A useful way to frame tax planning is “cash-flow first.” The tax return may be the deliverable, but the goal is predictability — especially around working capital. When businesses run into April surprises, it’s often not because the tax law changed overnight. It’s because profitability, distributions, payroll or growth investments weren’t mapped to a plan early enough. Even a basic forecast — projected income, expected quarterly payments, and cash-heavy months — can help leaders avoid unnecessary strain and make better decisions about hiring, inventory and timing.
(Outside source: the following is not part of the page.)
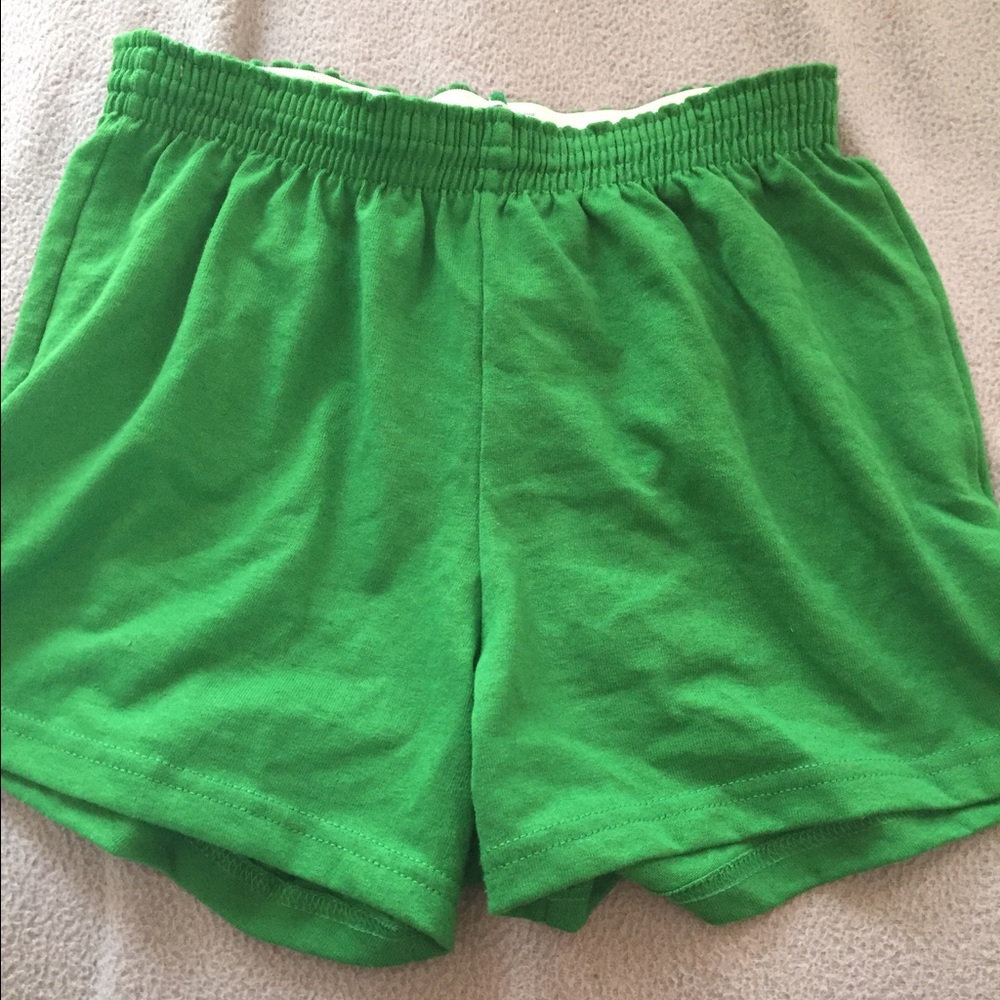 Green soffe shorts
The next quick win is foundational: clean books lower risk. Before you go looking for strategies, make sure the information is dependable. Reconcile bank and credit card accounts, confirm payment platforms are captured accurately, and ensure major expense categories are consistently coded. Tight bookkeeping doesn’t just make filing easier; it reduces the chance of notices, speeds the work your advisor can do on your behalf, and helps you see issues while there’s still time to address them. Discipline in managing the books and records is worth the investment throughout the year, whether that investment is time the owner is spending, money spent to hire a bookkeeper, or service fees paid to an accounting firm for outsourced regular services. The businesses that feel “surprised” by taxes are often the same businesses that didn’t have reliable numbers during the year.

Payroll and benefits readiness is another common pressure point, and one that is highly preventable. Classification matters, and missteps around W-2 versus 1099 treatment can create headaches that extend far beyond tax season. Early in the year, confirm that contractor files are complete (including W-9s), that totals tie to your general ledger, and that year-end payroll items and benefit reporting are properly documented. Small gaps here can slow processing, trigger correspondence and force rework at the worst possible moment.

Owner compensation and entity structure deserve a proactive review as well, particularly for S-corporations and LLCs. As businesses grow, what was “reasonable” or appropriate two years ago may no longer fit how owners are compensated today. Taking a fresh look at distributions versus wages, payroll tax exposure and overall structure can prevent misalignment and create opportunities to improve after-tax outcomes. This isn’t about reinventing your entity every year, it’s about making sure your structure still matches the reality of the business you’re operating now.

Tax season is also the right time to revisit credits and deductions that businesses frequently overlook. Not because they’re obscure, but because documentation is inconsistent. Items like software subscriptions, vehicle usage, meals and travel support and certain operational expenses can add up quickly when tracked correctly. The key is defensibility: good records, clear business purpose and consistent categorization. Capturing these details throughout the year is ideal, and making improvements now can protect value and reduce headaches later.

Finally, business leaders should flag any “non-routine” activity early because it tends to be where surprises live. If you bought or sold major equipment, made significant asset purchases, acquired or divested part of the business, brought on new owners, expanded into new states or changed how you operate, those details can materially affect the return and the timing of deductions. The earlier your advisor knows about these changes, the more options you typically have.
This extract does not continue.